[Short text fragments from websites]
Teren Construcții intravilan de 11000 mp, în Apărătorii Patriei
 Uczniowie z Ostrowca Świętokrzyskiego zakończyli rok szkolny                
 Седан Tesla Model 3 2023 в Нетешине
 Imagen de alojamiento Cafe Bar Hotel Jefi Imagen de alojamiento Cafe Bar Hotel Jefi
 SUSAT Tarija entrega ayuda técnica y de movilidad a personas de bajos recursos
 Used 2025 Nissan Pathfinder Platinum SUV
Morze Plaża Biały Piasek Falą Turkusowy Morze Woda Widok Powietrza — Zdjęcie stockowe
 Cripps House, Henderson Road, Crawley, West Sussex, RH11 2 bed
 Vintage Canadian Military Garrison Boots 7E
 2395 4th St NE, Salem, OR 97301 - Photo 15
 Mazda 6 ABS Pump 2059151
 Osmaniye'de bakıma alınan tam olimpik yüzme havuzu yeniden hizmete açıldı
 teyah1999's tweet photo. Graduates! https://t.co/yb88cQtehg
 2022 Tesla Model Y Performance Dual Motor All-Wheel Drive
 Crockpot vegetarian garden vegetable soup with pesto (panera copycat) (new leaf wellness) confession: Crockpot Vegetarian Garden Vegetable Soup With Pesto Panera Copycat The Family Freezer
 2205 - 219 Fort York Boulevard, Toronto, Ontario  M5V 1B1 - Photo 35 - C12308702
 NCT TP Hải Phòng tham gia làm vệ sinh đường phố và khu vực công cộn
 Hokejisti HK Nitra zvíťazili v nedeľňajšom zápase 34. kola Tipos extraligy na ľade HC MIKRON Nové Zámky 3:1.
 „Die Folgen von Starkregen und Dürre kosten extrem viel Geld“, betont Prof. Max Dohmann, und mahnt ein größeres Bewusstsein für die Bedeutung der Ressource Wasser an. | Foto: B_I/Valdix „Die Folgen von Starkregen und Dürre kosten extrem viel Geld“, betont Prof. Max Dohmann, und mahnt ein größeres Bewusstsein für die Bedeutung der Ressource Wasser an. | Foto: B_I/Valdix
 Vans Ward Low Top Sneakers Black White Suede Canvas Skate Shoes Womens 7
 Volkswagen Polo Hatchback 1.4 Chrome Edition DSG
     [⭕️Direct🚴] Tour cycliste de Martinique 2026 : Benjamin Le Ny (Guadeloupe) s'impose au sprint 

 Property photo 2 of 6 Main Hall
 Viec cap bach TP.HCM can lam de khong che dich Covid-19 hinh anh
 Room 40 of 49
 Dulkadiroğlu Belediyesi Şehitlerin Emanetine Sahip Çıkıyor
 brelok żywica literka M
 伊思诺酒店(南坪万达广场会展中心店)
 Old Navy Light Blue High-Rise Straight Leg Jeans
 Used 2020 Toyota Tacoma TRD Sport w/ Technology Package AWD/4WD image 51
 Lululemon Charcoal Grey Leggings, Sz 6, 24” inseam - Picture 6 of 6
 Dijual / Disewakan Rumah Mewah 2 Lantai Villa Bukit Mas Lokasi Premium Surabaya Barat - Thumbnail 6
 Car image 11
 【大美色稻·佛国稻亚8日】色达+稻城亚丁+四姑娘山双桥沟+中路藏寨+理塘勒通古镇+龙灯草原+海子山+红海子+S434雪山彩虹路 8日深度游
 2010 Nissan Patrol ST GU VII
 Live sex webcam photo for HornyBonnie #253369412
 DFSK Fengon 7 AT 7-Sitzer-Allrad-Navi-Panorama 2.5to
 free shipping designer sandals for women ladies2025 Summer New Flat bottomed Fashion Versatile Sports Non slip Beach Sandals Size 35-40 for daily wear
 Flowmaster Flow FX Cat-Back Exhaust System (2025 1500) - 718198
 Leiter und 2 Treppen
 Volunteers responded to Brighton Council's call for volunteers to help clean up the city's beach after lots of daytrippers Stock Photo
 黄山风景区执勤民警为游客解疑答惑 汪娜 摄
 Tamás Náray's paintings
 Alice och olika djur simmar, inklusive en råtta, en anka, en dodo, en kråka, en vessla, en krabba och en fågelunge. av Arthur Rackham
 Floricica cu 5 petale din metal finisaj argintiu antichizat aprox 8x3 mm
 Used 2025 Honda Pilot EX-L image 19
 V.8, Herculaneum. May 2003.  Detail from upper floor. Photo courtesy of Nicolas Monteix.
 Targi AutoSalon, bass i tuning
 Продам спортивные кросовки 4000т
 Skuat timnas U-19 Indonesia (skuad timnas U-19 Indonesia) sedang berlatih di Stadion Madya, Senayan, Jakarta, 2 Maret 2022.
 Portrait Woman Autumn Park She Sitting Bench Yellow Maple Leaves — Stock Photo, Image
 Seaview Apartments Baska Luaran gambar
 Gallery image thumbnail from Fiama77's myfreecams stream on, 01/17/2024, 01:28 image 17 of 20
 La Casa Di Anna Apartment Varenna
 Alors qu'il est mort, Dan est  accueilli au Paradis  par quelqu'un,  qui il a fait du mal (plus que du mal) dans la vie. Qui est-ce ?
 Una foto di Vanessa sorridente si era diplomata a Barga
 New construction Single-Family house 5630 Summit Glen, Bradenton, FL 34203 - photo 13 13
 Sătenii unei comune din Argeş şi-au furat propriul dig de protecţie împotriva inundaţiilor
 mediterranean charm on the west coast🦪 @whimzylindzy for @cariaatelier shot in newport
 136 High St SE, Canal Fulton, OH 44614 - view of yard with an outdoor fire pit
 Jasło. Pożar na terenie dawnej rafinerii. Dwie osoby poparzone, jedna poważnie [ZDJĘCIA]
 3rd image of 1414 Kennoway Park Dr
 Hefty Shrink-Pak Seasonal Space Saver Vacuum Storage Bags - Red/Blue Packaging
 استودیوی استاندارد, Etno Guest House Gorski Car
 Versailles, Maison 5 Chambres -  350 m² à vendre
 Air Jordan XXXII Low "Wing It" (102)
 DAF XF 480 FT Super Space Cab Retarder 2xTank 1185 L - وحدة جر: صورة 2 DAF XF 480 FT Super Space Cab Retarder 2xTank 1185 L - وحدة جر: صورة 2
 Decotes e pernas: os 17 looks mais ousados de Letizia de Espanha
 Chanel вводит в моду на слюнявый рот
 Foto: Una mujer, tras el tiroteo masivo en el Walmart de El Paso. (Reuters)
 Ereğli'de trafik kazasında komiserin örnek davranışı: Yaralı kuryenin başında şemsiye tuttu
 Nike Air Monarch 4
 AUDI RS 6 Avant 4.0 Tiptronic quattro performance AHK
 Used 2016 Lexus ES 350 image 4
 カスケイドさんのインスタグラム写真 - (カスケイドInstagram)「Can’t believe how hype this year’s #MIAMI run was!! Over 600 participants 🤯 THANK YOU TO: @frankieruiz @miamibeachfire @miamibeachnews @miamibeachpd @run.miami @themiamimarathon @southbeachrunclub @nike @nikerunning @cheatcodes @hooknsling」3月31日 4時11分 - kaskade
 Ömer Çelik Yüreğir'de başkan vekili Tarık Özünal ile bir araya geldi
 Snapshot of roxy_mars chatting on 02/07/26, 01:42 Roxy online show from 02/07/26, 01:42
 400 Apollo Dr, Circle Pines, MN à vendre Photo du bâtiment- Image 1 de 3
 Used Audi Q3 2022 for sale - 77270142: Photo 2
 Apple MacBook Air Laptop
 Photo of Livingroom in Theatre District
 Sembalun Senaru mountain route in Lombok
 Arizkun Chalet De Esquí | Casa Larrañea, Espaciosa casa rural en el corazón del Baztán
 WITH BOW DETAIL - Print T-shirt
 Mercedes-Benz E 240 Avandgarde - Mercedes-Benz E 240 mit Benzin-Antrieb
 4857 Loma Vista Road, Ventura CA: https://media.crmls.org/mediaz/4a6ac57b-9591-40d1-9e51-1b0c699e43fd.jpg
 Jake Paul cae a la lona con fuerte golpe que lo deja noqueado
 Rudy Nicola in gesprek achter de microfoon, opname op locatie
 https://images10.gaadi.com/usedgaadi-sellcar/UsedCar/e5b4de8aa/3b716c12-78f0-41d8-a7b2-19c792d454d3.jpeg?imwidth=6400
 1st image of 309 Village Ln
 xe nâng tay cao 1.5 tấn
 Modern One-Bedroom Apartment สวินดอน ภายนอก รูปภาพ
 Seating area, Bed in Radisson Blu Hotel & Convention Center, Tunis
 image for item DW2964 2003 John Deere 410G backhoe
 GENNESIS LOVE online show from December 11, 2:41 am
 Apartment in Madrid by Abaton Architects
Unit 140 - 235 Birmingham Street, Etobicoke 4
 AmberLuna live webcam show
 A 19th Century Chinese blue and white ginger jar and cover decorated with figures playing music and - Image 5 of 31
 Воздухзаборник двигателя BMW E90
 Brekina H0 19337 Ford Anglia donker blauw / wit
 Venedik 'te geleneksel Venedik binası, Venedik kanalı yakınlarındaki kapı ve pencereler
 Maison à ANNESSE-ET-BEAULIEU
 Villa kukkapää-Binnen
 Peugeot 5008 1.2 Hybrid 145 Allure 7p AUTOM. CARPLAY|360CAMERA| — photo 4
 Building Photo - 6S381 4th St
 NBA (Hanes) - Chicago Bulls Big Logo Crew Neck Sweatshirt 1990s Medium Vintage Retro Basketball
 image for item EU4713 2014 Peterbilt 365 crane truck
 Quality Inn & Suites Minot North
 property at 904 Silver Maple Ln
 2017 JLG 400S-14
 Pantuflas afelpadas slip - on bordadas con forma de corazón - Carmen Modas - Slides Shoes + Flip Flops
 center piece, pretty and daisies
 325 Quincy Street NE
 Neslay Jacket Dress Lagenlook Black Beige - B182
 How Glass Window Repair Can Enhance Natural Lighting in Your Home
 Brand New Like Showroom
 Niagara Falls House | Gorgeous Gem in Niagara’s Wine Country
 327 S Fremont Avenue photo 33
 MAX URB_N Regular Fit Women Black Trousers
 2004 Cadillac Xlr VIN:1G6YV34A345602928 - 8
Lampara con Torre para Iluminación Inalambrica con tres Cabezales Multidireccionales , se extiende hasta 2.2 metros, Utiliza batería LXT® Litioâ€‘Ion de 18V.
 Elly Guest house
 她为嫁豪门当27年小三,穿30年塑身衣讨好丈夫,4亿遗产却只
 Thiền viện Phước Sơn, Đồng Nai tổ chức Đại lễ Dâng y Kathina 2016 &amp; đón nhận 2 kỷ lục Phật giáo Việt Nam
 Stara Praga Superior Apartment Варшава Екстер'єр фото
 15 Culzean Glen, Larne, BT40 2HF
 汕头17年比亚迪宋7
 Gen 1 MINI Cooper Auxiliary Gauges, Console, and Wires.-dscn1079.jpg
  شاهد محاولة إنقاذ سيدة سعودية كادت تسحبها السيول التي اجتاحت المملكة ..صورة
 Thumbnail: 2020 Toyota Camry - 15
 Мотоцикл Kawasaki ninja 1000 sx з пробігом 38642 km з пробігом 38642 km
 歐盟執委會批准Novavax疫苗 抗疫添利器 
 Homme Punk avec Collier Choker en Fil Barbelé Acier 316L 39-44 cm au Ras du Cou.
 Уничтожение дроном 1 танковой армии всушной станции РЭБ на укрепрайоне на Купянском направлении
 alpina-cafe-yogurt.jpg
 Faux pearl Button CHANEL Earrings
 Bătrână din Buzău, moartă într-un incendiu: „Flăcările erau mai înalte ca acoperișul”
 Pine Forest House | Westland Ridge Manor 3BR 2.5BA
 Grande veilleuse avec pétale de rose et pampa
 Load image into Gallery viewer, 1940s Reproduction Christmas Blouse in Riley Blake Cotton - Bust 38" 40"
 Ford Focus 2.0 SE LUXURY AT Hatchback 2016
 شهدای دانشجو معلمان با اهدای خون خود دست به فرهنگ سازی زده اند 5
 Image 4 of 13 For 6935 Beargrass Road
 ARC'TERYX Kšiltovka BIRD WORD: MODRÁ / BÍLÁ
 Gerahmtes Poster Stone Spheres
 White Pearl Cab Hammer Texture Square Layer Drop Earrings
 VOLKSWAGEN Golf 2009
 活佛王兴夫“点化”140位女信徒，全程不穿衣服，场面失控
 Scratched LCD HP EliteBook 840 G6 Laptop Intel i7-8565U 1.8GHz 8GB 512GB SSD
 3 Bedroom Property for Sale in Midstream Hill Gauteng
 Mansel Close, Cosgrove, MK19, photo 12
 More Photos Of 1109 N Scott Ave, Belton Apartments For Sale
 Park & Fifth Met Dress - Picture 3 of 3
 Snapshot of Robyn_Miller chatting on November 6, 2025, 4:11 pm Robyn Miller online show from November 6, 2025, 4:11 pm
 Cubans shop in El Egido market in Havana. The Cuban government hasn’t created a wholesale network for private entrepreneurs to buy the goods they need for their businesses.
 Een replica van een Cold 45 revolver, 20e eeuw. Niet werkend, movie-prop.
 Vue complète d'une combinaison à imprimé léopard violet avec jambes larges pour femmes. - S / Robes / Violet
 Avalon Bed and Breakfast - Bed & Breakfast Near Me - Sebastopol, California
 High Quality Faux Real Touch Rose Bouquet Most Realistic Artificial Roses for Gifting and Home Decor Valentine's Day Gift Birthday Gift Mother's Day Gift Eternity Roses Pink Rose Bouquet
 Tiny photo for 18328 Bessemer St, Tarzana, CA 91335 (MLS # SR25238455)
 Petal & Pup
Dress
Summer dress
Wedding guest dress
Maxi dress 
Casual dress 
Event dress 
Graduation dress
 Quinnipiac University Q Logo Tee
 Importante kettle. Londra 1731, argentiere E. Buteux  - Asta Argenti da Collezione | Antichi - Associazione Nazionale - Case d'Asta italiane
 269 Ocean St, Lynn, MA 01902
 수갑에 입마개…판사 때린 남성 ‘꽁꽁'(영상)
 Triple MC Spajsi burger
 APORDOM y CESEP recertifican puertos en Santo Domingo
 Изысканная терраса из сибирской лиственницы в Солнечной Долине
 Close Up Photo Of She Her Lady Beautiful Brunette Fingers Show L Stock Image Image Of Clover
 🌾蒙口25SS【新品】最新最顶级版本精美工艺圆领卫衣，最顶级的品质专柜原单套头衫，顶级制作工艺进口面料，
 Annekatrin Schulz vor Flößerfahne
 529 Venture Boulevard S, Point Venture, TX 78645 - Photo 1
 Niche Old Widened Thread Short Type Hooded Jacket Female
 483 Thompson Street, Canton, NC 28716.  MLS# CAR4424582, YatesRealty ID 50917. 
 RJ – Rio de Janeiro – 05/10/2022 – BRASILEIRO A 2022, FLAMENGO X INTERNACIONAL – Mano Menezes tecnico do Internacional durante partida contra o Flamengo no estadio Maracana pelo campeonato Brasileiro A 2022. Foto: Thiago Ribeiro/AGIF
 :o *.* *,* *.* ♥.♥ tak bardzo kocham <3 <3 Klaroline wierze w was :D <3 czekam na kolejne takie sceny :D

TASK PROMPT »
Above are the records; copy exactly the lines from the line with "Rudy Nicola in" through the line with "xe nâng tay cao 1.5 tấn", both included.

RESULT »
 Rudy Nicola in gesprek achter de microfoon, opname op locatie
 https://images10.gaadi.com/usedgaadi-sellcar/UsedCar/e5b4de8aa/3b716c12-78f0-41d8-a7b2-19c792d454d3.jpeg?imwidth=6400
 1st image of 309 Village Ln
 xe nâng tay cao 1.5 tấn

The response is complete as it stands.